Söz konusu insanlık tarihi boyunca her dönemde sıcak çatışmaların konusu ve merkezi olmuş Doğu Akdeniz olunca, bölge, geleneksel jeopolitiğinden gelen sorunlar ötesinde enerji rezervleriyle de BM’den NATO’ya ABD’den bölgedeki ülkelerin hükümetlerine kadar her merkezde, bölgenin yeniden paylaşımı gündemin üst sıralarına çıkmış bulunuyor. Paylaşım mücadelelerinin olmazsa olmazı olan savaş gemileri ve uçakları da bölgede giderek artan sayıda sahne alıyorlar. Son aylarda Türkiye de bölgeye “sismik araştırma” ve “sondaj” gemileri, bu gemileri “korumak” için de savaş gemileri, uçakları ve İHA’lar göndererek enerji paylaşım mücadelesine katılmak için harekete geçti.

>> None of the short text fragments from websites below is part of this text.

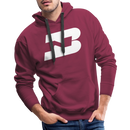Burlington Northern - Men’s Premium Hoodie - burgundy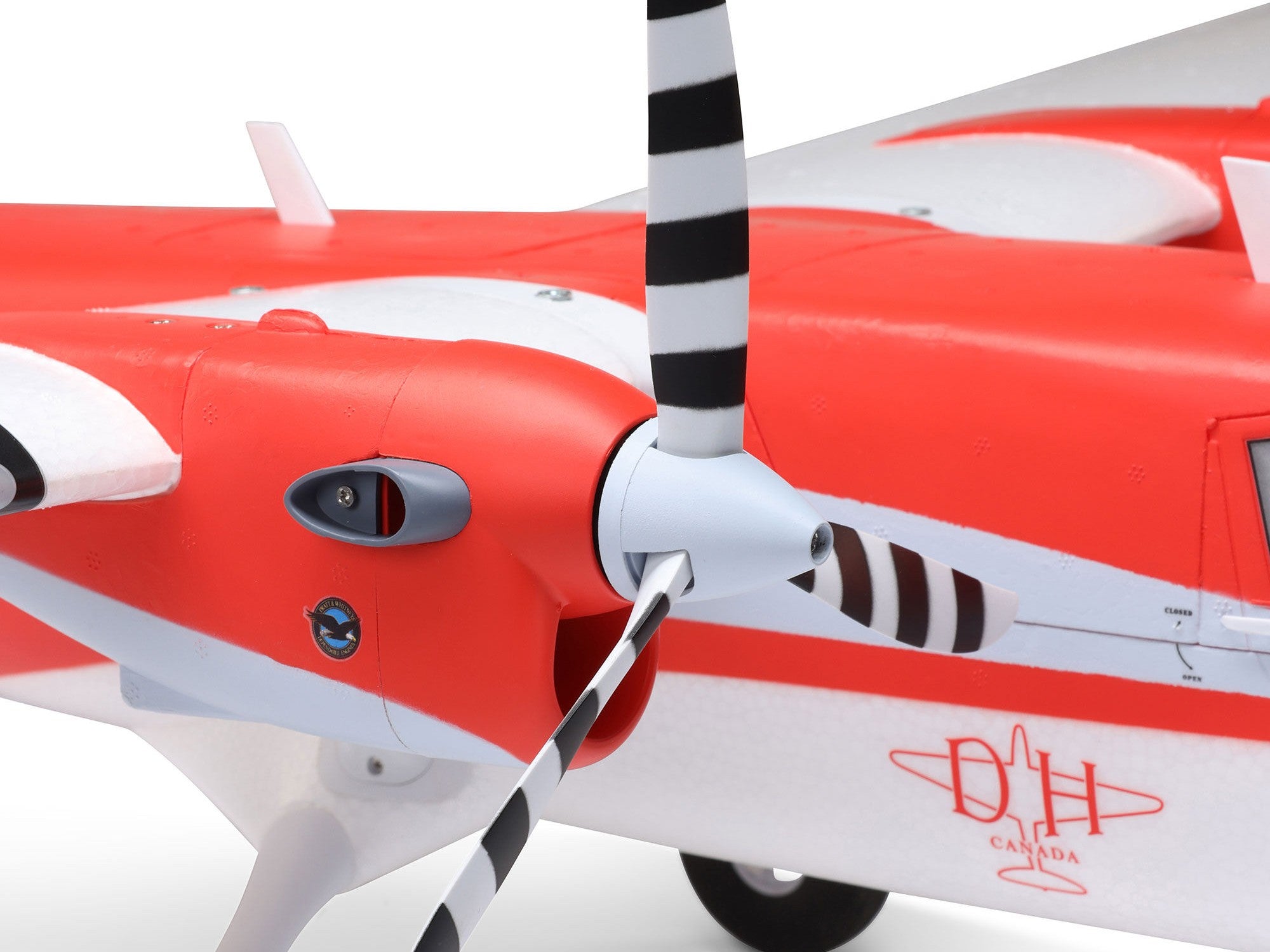 E-Flite DHC-6 Twin Otter 1.4m BNF Basic Combo with Floats Black Friday Special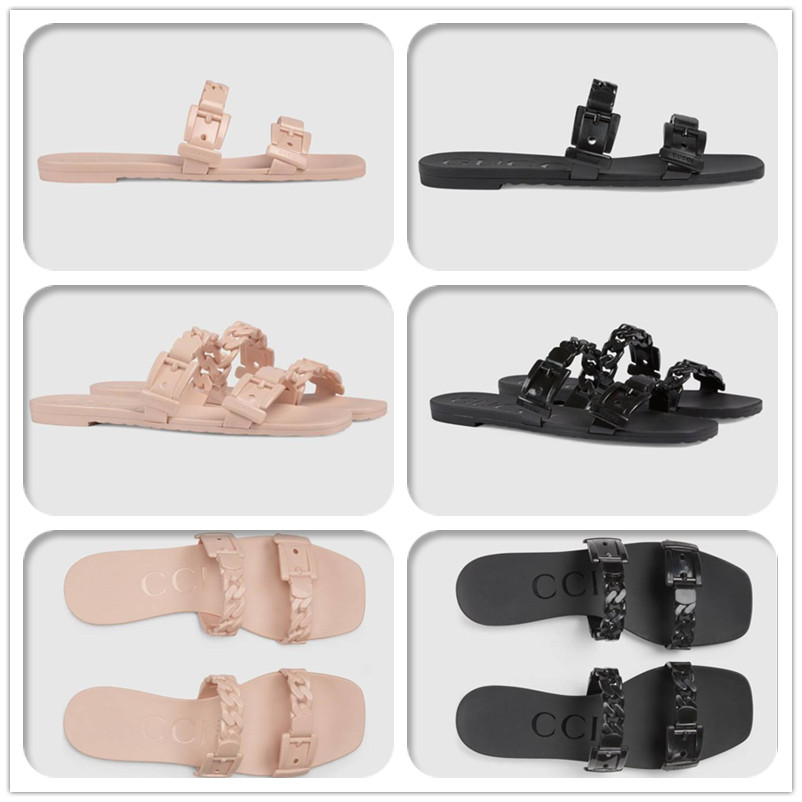

2021 Designer woman G Ladies rubber slippers Women Sandals Slide Sandal Platform Slipper Chunky Shoes Summer Embossed Flip Flops with box, Nude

Doğu Akdeniz’de rezervlerin varlığı ciddiyet kazandıkça, buradan çıkarılacak doğalgaz ve petrolün Avrupa’ya nasıl ve hangi güzergahtan nakledileceği sorununun çözümü de önemli hale geldi. Bu rezervlerin Avrupa’ya ulaştırılmasının en kestirme yolunun Türkiye olduğunu haritaya bakan herkes görebilir. Ancak gerek bölgedeki tutumu, gerekse İsrail ve Mısır’la diplomatik ilişkilerinin normal seviyenin çok altında, Kıbrıs Cumhuriyeti’ni “tanımıyor” olması, AB ile ilişkilerinin gerginliği gibi önemli nedenler Türkiye’nin enerji geçiş yolu seçeneği olmasının önünde engel teşkil etmektedir.

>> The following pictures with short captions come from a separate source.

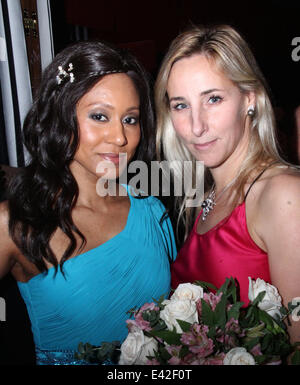 Countess Michelle Czernin Von Chudenitz's Birthday party  Featuring: Vaja,Michelle Czernin von Chudenitz Where: Beverly Hills, California, United States When: 09 Jan 2014 Stock Photo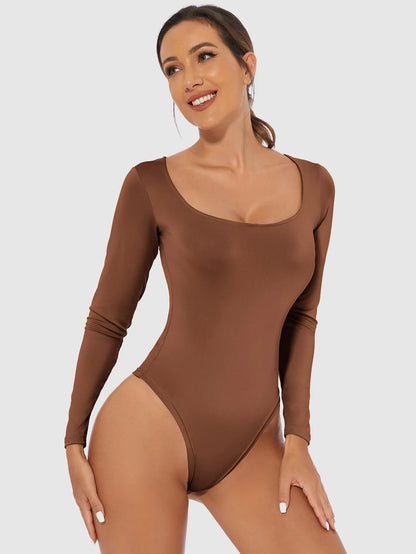 2025 Spring Female Underwear One-Piece Bodysuit Long Sleeve Seamless Waist Trainer Body Shaper Sheath Flat Belly Shapewear Woman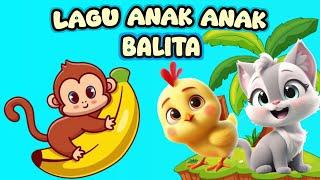 LAGU ANAK ANAK HITZ 2024 | ANAK KUCING MEONG - CICAK CICAK DI DINDING - BALONKU ADA LIMA DLL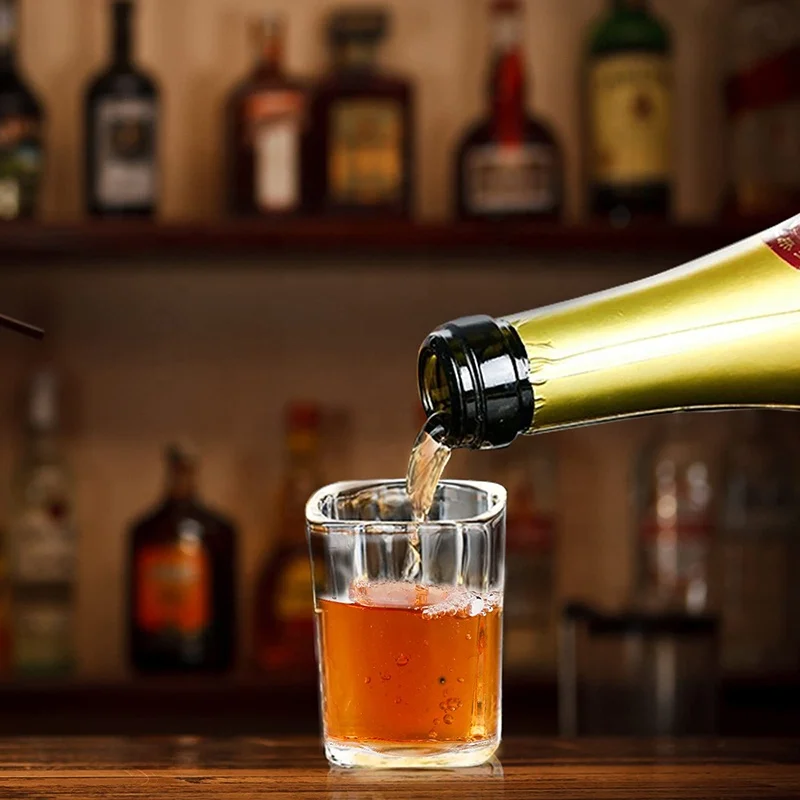 6-Pack Shot Glasses Set Cool Shot Glasses 2 oz Tequila Shot Glasses with Heavy Base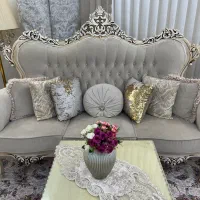 مبل هفت نفره کلاسیک چوب راش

Bugün gelinen aşamada Doğu Akdeniz doğalgazının Avrupa güzergahının İsrail, Mısır, Kıbrıs, Yunanistan ve İtalya’yı bağlayacak boru hatlarıyla olması ihtimali daha kuvvetli. Nitekim 2019’un başında İsrail, Mısır, Ürdün, Kıbrıs, Yunanistan; İsrail’le sorunlu olan Lübnan ile Suriye ve Türkiye’yi dışlayarak bölgedeki doğalgaz üretim ve naklinin “adil ve güvenli” bir biçimde yapılması için bir ortak forum oluşturma kararı almış bulunuyorlar.

ORTADOĞU’NUN YENİDEN PAYLAŞIMI MÜCADELESİ

Doğu Akdeniz’de keşfedilen büyük servetin çıkarılmasını ve dağıtımını organize edebilmek, paylaşabilmek için ilgili ülkeler, anlaşmalar ve uzlaşmalar yapıp araştırma ve üretim için yeni adımlar atıyorlar. Bölgenin yeniden paylaşımı mücadelesi veren büyük emperyalist güçler de bu servetin yağmasından en çok payı almak için bölgedeki mevzilerini güçlendirmektedirler. Çünkü Doğu Akdeniz’de olanlar, Ortadoğu’nun yeniden paylaşımı mücadelesinin bir parçasıdır.  

Büyük emperyalist güçler ve bölge gericiliklerinin, zaten barut fıçısına döndürdüğü bölge, şimdi de Doğu Akdeniz’deki enerji rezervlerinin paylaşımı için yapılan hamlelerle patlamalara daha da müsait hale getirilmektedir.

ABD’nin 1991’de Irak’ın güneyini, 2003’te de tamamının işgal etmesi, arkasından IŞİD’in Irak ve Suriye topraklarında kendi “İslam devleti”ni kurmaya kadar gelmesi, İsrail-Filistin arasındaki çatışmalar, İran ve Hizbullah’ın gelişmelere müdahalesi, Rusya’nın Suriye rejimi tarafından yardıma çağırılması, Türkiye’nin Suriye topraklarının bir bölümünü işgali ve Suriye halklarına rejim dayatması, Mısır’da Sisi darbesi, Arap ayaklanmalarına emperyalist müdahalelerin yol açtığı gerilimler Doğu Akdeniz bölgesini ısıtan çelişkileri olağanüstü keskinleştirecek etkenleri harekete geçirdi.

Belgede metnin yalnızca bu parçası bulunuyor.